Converting the attached images to HTML results in a very large HTML file.
The input files are smaller than 110 KB, but the output is larger than 8 MB.
Without the “WrapImagesInSvg” flag, the output size is around 700 KB.
Visually, the quality increases quite a lot, using the “WrapImagesInSvg” option, which is good, but not at the cost of such large output files.
I did not see such an increase for other files so far, what makes this one different?
Can we control the output quality / file size somehow?

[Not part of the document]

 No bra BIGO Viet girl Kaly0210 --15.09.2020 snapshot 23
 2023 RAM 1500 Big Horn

var options = HtmlViewOptions.ForEmbeddedResources("output_viewer{0}.html");
options.PdfOptions.WrapImagesInSvg = true;
viewer.View(options);
We have investigated the described situation with your PDF files and can confirm that the resultant HTML size is unreasonably large and this should be fixed. We already started to work on it and logged it under the “VIEWERNET-5051” moniker in our internal tracking system. Meanwhile we can suggest two options for you, which may help to decrease the output HTML size:
You’re using the all-embedded resultant HTML, when use a HtmlViewOptions.ForEmbeddedResources static factory - it converts and stores all resources, including image background, with base64 encoding, which is not so efficient as source (unencoded) data. If it is possile for your use-case, try to use the HtmlViewOptions.ForExternalResources static factory - in such case the resultant HTML will be small, and resources will be saved separately and as distinct files, but not combinen together into one piece.
If it is possile for your use-case, use the GroupDocs.Viewer for the .NET 6.0+ target environment - in that case the resultant HTML file size will be not the 8+ MiB (as it is on .NET Framework or .NET Core), but 6+ MiB in base64-embedded version.

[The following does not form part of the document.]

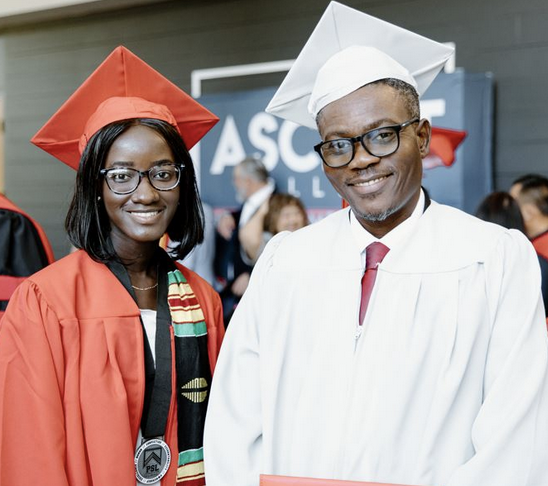 Ascent College Graduation Ceremony
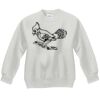 Youth ComfortBlend® EcoSmart® Fleece Crew Thumbnail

We will notify you as soon as new information becomes available.
Thank you for logging the bug and especially for providing suggestions as well.
Unfortunately we cannot do that easily. We’re currently storing all converted files in a cache, which is not designed to handle multiple files per page. Also from GroupDocs code, I’m not really certain how this is handled. I gave it a quick try and had absolute links in the generated HTML, which are not usable for me (C:.…\someresource.svg). Such files would just not be available, when viewing it in a browser on another machine. Also I’m missing some reference between the generated HTMLs and which resource they need. We would need to send single pages to the client-side script in the browser and would need to know all required resources per page, to avoid sending too much data.
We have quite a few packages that still depend on the old .NET 4.X, but we’re definitely planning to move to a later .NET version sooner or later.
Regarding output HTML with external resources - let me help you with that, it is really not so obvious to handle correct references properly. Let’s say you have some output folder, and you want to save HTML file with external resources in that folder with only relative links, not absolute. In order to do this:
Thanks a lot for providing the sample code, works perfectly
Apologies for asking another question, but is it also somehow possible to determine which HTML pages need which resource file?
In our application, the backend has to provide the frontend only with certain pages that are currently being rendered. So I would need to provide them with only certain HTML pages and only a sub-set of the resource files at a time.
If I understood your intention correct - yes, it is possible to group HTML resourses on per-page basis, so every single page will be stored together only with those specific resources, which are used exactly there and nothing redundant.
I’ve modified the previous sample and here is an updated version:
Please note that GroupDocs.Viewer, when works in trial mode, has a limit of first two pages. Also in order to see how this sample works you need to specify an input PDF, which has more than 1 page - it is ok a single-page PDF, but you may not see the intention of this sample in such case. I’m attaching sample PDF “SampleDoc1.pdf” - it has 3 pages, image resources, fonts, complex formatting - good sample for this case.
Thanks you for updated code.
It works really well with the sample, but I got a very strange result with the first other file I tested with: Invoices - 2008041.pdf (142.9 KB)
The image on page 2 got somehow messed up, resulting in almost 500 individual files, instead of a single one.
This also resulted in a large “size on disk” value and would certainly be slower to transfer as well, having to send so many files.
Other files seem to be working just fine though, so I guess it was just a bad example.
I think I’d need to do more testing, to find out how reliable this way of converting really is.
We have checked your sample file and we confirm that for the 2nd page the GroupDocs.Viewer generates a lot of small images. But I’m afraid we cannot fix it easily because the algorithm, that converts PDF to HTML, works in that way, and it is a kind of expected behavior. Actually, it depends on specific PDF document, - its background, formatting, styles, layout, content and so on, - and if some of these “things” cannot be smoothly transferred to HTML without distortions, it is rasterized to image and backed to the SVG background.
So in this very specific case it might be better to use the base64-embedded HTML.
You’re welcome. Also want to advice one thing. Some document formats by their nature are pageless, they have a flow layout. For example, HTML, XML, CSS, plain text, e-Book formats, archives and so on. In that case, when you convert them to HTML, if it is allowed by your use-case, it may be useful to turn on the HtmlViewOptions.RenderToSinglePage flag - it that case you will obtain a single resultant HTML file.
Thank you for yet another suggestion .
We’re using “single pages” for Excel worksheets, as it resembles the original,
but for PDF which is also split up into pages originally, we would rather like to keep it like that.